Her insecurity was sparked by the Comedy Central sitcom Broad City — a show that Portman evidently loves — which recently made fun of Garden State. During a public discussion on Wednesday (September 9) at TIFF, the actress was asked about Garden State.
I've been insecure about it recently because of Broad City. Does anyone here watch Broad City? Best show. If you haven't watched it, watch it. And on the show there's a really dorky character who's a gym instructor, like an Equinox guy or something, and he's the worst. And he's like, 'Oh my God, I love Garden State! I donated all my money to Zach Braff's Kickstarter.' And I'm like [buried head in hands], 'Oh my God.' So now, because the people I think are the coolest think it's really lame I'm kind of insecure about it."
One of the key criticisms against the movie is that Portman's character — the epileptic, pathological liar Sam — is a prime example of the "manic pixie dream girl" archetype.

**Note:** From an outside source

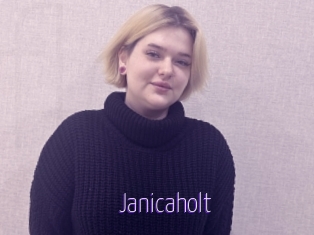 Janicaholt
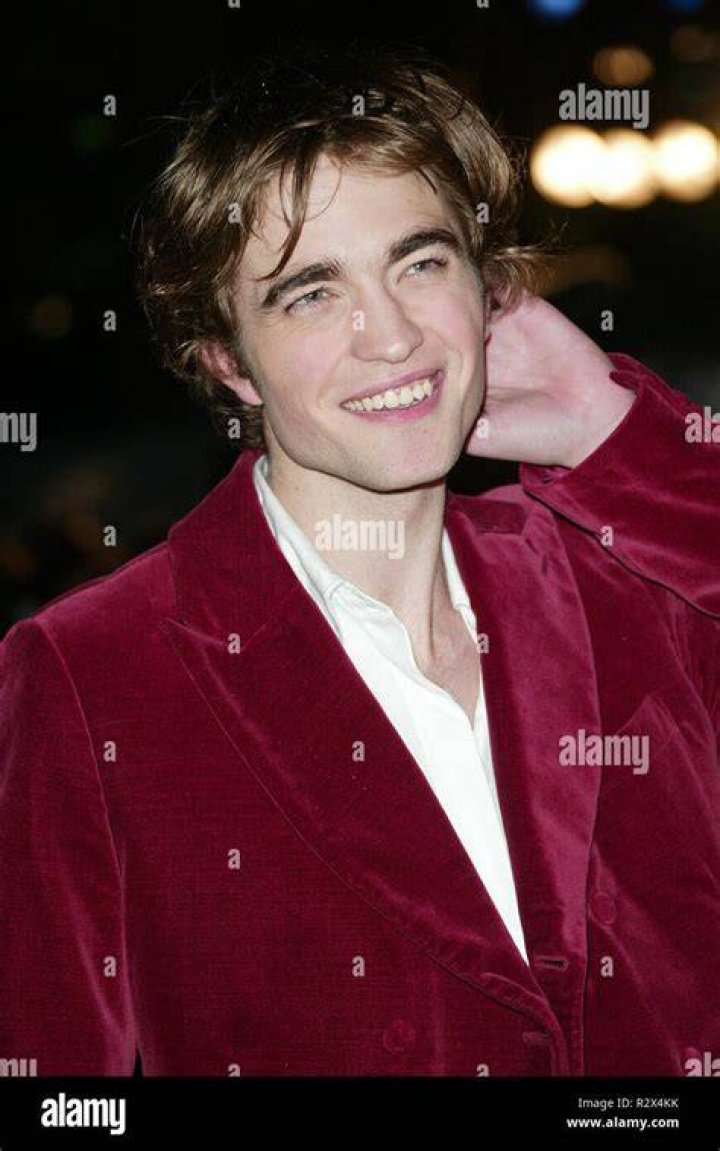 Robert Pattinson, 2005 Robert pattinson, Celebrities, Cedric diggory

That term describes an eccentric fictional female character whose sole purpose us to help a male character progress in his emotional journey.
When I read it I was like, 'Oh, this is a character that's wacky and interesting, and no one's ever given me a chance to play something like this. It's this sort of unusual girl.' So that was my incentive to make it. But of course I see that trope and I think it's a good thing to recognize the way those female characters are used. I mean, I appreciate that people are writing characters that are interesting and unusual, rather than some bland female character as the girlfriend in a movie, but when the point of the character in this movie is to, like, help the guy have his arc, that's sort of the problem, and that's why it's good that they're talking about it, because it certainly is a troubling trope.

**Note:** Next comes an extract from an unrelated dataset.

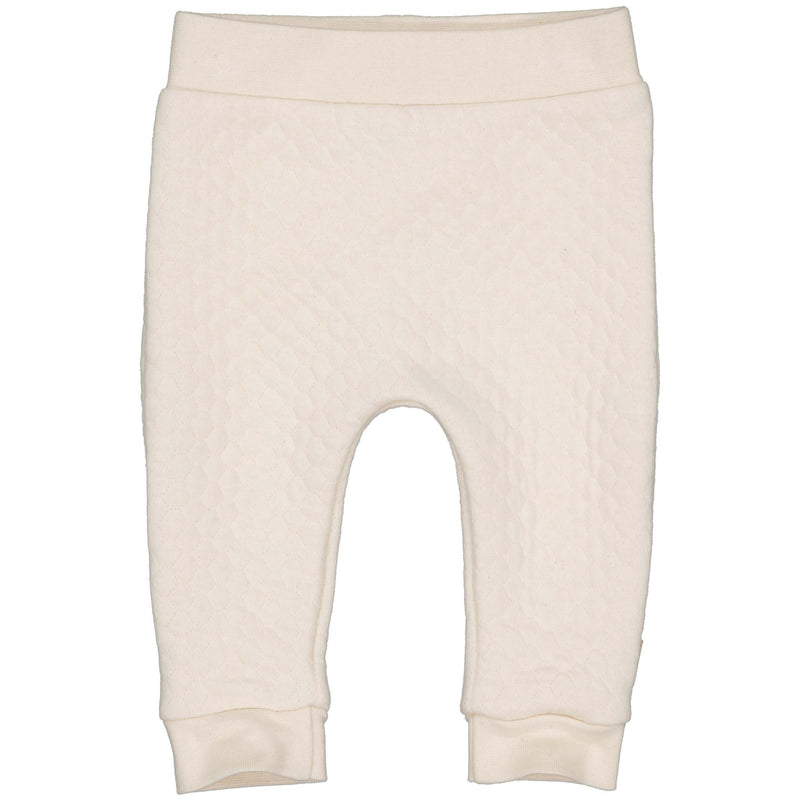 PANTS | Cream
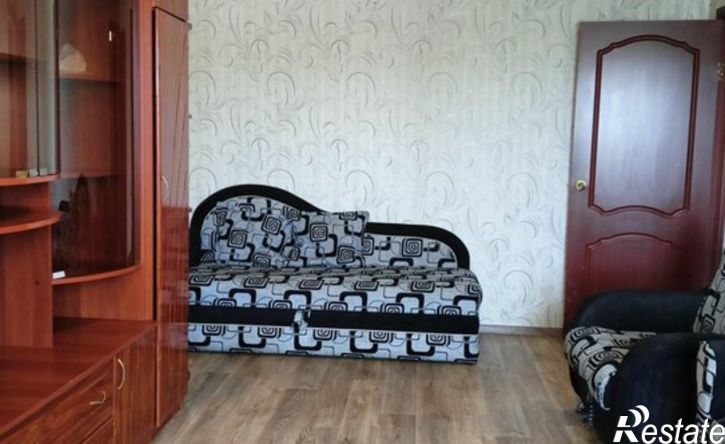 1-комн квартира ул Красных Коммунаров, 17,  д. 17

On the one hand, it's unfortunate to see Portman look back unfavourably on the role: for all of Garden State's flaws, Portman was excellent in it, and it helped to define her career. On the other, it's good that hindsight has illuminated some of the more troubling elements of the film, and haters of the film will likely experience some schadenfreude at Portman's insecurity.
And we can't help but wonder: a decade from now, which hot young comedians are going to poke fun at Broad City and make Ilana Glazer and Abbi Jacobson feel insecure?